Southcoast/Blue Cross conflict touches deeper problem of unaffordable healthcare
To the Editor:
The current conflict between insurance provider Blue Cross Blue Shield and the Southcoast network is the most recent act in the absurd circus of unaffordable healthcare.
Southcoast president Keith Hovan is demanding higher reimbursements from BCBS to pay for their “world-class care.” But for the typical patient, myself included, the crisis of healthcare has nothing to do with quality and everything to do with cost.
Let’s look at the facts. Medical debt remains the leading cause of bankruptcy in the US. With 18 percent of GDP spent on healthcare domestically, compared to an average of 12 percent in other developed nations, we are spending billions more for comparable care.
As Americans we love being able to shop for the best price on groceries, electronics, and countless other goods and services.
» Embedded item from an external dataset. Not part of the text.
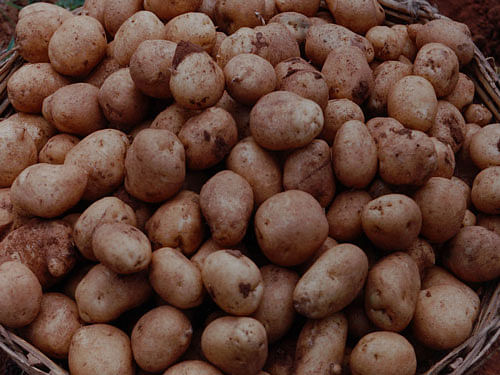 To the delight of potato lovers, researchers have found a simple potato extract may limit weight gain from a diet which is high in fat and refined carbohydrates. DH file photo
Only for our healthcare do we somehow find it acceptable to be locked into a system where charges are nearly universally hidden up front.
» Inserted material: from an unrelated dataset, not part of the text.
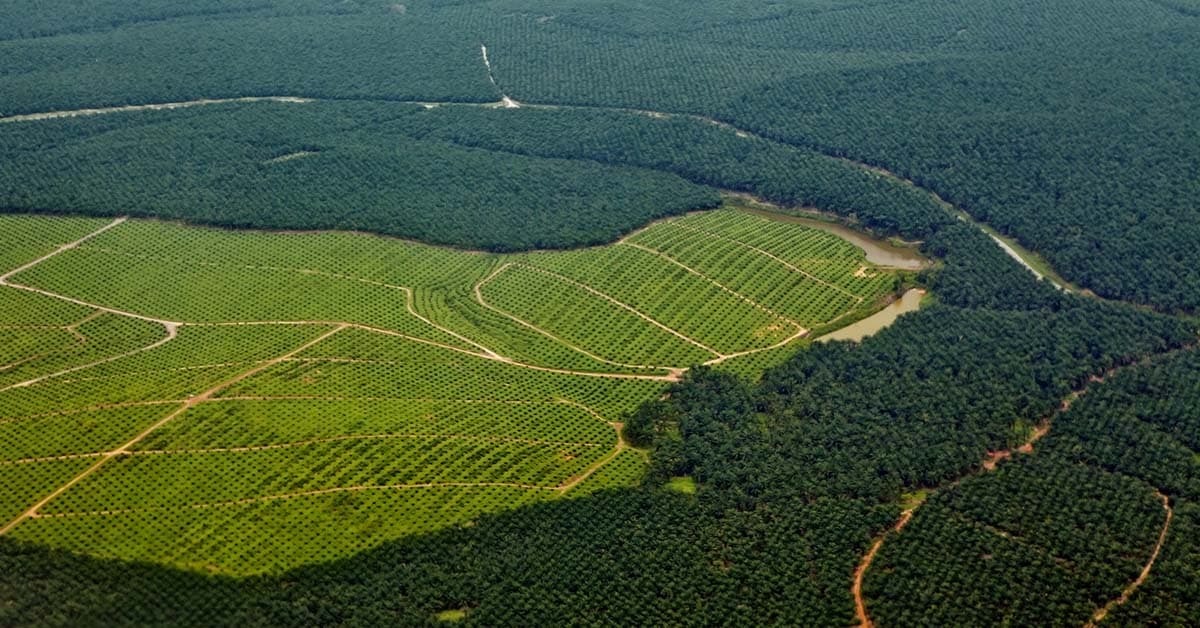 Le gouvernement indonésien veut raser 20 millions d’hectares de forêt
Who hasn’t experienced the anxiety of opening a medical bill two weeks or a month after a visit to the hospital? We all want the best care, but at what cost?
I hope that BCBS and Southcoast will come to an agreement. In the meantime, I find it easy to side with BCBS’s mantra of controlling costs and difficult to sympathize with Southcoast’s attempt to use patients’ anxieties as leverage for a better position at the bargaining table.